When beginning a new task, it is always crucial to start on paper. I separated a page into 12 desktop-shape grids and began making quick, undefiled sketches of any webpage design I could think of. I purposely made these grids quite small in size as it forced me to focus on the main shapes I wanted to include on my type screen and not get side tracked on the minor details. This method of sketching was really beneficial to me as it allowed me to get my ideas down on the page as quickly as possible so that I could explore all my options and then decide what design I want to go with out of each idea.

I kept each wireframe as basic as possible by only using a pencil to sketch which was also very helpful as I eliminated the option of incorporating any colour into these sketches which would have disrupted my design flow. Through this wireframe sketching method, I managed to produce 12 frames that are very different to each other and helped me see all of my options to then digitise.

I then chose my 4 favourites and sketched them in more detail to get a better idea of how I would lay them out.

Digitising Wireframes

After I had finished sketching, I took a few of my favourite frames onto Adobe Illustrator where I began to digitise them.

I knew I wanted to keep my colour scheme consistent with my blog, business cards and monogram so I used a variety of lights pinks to tie them all together which worked well in my opinion as it is a young, fun colour that isn’t too bold and fits my desired brand personality perfectly.

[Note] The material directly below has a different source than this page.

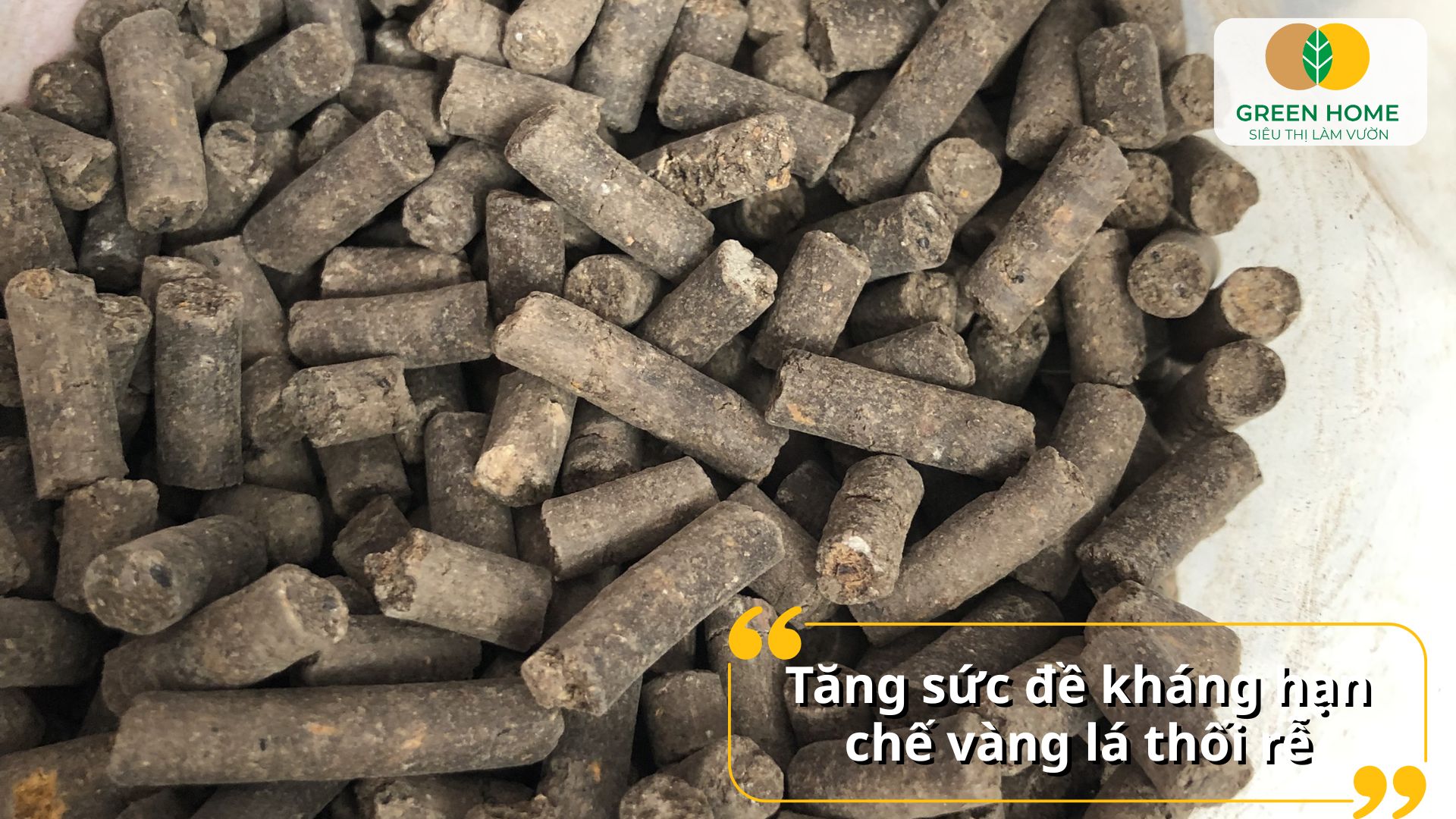 Nụ hoa to, bền và lâu tàn nhờ phân tan chậm cho lan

To further make my portfolio as personal and unique as possible, I created a digital illustration based from a photo of myself via Adobe Illustrator and created an icon-like stamp for my portfolio which I think is really fun and helps to let future clients see what I look like on a very simplified scale.

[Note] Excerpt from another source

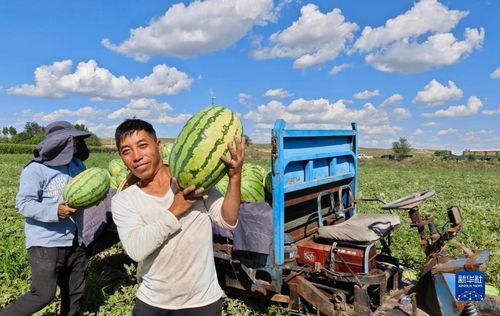 娱乐吃瓜君山河令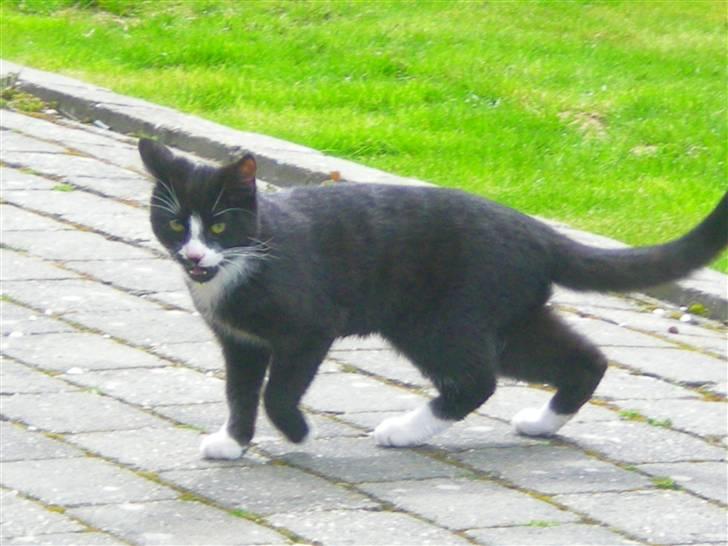 Huskat Annabel billede 10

I also created my own font using my own handwriting which I scanned onto my computer to keep the very personal feel of my portfolio. I personally really like how this turned out as subtle touches like these help to keep each designer’s portfolio different from the rest and helps to further convey your own unique personality which works well when it shines through your brand’s tone of voice.

I created a few styles to see how I want to layout my home screen as I want it to be lively without it being cluttered. I personally really like the layout of the first screen as it includes all the important icons and information which would then follow into the next screen of choice EG the work section in the second image. I really like that these two screens work hand-in-hand together and are equally bright and fun without being too cluttered and in your face.

I then copied the first screen and changed the font to Bodoni 72 which is a pre-downloaded font on Illustrator. Although I thought this font also worked well with my brand’s tone of voice, I just felt it wasn’t as personal as my own handwriting being used as the font on my website.

It may be a bit tidier as all the text is the same hight and level, I feel that my own font helps any future clients see me as more of a real person and not just a website.

I will continue to further develop these prototype screens before I move on to coding them to make sure that I am completely happy with the layout and the colour schemes to make it as perfect as possible.